VATICAN CITY (Reuters) - The Vatican and China will exchange paintings, vases and sculptures in a bid to mend often strained ties through “the diplomacy of art”, officials said on Tuesday.
Forty works from the Vatican will go on show in Beijing’s Forbidden City and 40 from China in the Vatican Museums in unprecedented simultaneous exhibitions in March, art chiefs from both countries told a news conference.
“It will be an event that overcomes borders and time and that unites different cultures and civilizations,” Zhu Jiancheng, the head of the government-backed China Culture Investment Fund, said.
“It will strengthen the friendship between China and the Vatican and it will favour the normalization of diplomatic relations,” he said of the project, in which each side will loan art works to the other.
Relations between the Vatican and Beijing have been strained for decades.
Chinese Catholics are divided between those loyal to the pope - the so-called “underground Church” - and those who belong to state-backed Church known as The Chinese Catholic Patriotic Association.

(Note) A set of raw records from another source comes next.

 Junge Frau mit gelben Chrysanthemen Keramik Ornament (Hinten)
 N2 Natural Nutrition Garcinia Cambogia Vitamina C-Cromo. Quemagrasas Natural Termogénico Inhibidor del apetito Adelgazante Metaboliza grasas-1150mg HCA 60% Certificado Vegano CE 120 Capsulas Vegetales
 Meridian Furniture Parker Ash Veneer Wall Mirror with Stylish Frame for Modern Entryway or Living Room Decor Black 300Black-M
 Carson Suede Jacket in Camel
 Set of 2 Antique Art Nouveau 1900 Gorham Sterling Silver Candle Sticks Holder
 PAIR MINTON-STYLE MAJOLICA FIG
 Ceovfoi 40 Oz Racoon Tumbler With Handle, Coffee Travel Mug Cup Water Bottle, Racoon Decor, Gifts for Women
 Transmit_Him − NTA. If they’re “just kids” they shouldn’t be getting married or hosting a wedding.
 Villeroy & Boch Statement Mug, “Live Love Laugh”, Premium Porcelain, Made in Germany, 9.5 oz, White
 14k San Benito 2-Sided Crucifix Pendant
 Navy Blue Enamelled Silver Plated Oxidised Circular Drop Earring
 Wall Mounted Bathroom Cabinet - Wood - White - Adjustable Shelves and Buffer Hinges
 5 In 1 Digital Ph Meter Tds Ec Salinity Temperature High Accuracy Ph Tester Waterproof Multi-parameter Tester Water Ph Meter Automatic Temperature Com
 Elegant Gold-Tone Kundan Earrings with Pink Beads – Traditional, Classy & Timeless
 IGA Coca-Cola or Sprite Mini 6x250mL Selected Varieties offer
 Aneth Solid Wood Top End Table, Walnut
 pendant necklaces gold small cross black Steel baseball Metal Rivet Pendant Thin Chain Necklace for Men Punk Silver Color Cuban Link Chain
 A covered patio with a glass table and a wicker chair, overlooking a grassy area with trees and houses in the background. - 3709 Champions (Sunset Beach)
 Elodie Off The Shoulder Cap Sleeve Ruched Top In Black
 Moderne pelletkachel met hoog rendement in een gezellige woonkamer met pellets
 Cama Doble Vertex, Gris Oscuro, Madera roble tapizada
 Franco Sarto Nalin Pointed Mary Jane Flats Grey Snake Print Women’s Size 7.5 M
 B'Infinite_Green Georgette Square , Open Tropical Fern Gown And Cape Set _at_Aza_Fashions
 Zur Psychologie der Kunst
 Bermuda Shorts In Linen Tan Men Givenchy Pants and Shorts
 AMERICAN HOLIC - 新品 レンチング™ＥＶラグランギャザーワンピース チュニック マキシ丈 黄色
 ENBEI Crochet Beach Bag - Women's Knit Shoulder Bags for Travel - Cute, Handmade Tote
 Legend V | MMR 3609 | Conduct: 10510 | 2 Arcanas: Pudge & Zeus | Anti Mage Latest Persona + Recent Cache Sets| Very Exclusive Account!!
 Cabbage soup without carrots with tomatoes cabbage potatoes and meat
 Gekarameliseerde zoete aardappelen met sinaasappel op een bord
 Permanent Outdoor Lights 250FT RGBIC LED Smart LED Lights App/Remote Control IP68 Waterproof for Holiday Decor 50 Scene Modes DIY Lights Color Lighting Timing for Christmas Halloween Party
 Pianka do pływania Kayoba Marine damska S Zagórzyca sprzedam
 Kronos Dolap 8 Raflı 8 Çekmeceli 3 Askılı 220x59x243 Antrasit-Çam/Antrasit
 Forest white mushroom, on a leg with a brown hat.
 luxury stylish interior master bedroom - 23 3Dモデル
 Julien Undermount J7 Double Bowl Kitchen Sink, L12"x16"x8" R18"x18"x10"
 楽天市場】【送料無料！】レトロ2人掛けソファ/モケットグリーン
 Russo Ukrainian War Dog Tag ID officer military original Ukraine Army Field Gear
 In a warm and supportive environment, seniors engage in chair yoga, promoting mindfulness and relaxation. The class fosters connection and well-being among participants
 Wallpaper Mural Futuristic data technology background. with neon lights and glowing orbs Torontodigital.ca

The main dispute blocking diplomatic ties is the Vatican’s insistence that the pope - and not the government - be responsible for appointing bishops.
Pope Francis and his predecessors Benedict and John Paul have tried to improve relations with Beijing, whose communist party severed relations in 1951. But efforts at agreement have often stalled.
“With no fear and no barriers, beauty and art are truly a vehicle of dialogue,” said Barbara Jatta, the director of the Vatican Museums.
“This is the key of the success that we, at the Vatican Museums, love to call the ‘diplomacy of art’,” said Jatta, the first woman to head the museums, which receive about six million visitors a year.
The simultaneous shows reminiscent of the “ping-pong diplomacy” of the early 1970s, when China and the United States each hosted national teams of the sport as a prelude to President Richard Nixon’s historic trip to Beijing in 1972.
Jatta told Reuters that for the Beijing exhibition, experts would select 39 works of art that originated in China and are now in the Vatican’s Anima Mundi (Soul of the World) ethnological collection, which numbers 80,000 pieces, 20,000 of them Chinese.
“In a sense, 39 of them will be going back home,” she said.
The 40th piece would be an object of Western European Christian art, a painting which has not yet been selected.
The Chinese art works displayed in the Vatican will be 10 paintings by contemporary Chinese artist Zhang Yan and 30 works of art from China’s state collections representing various periods of Chinese history.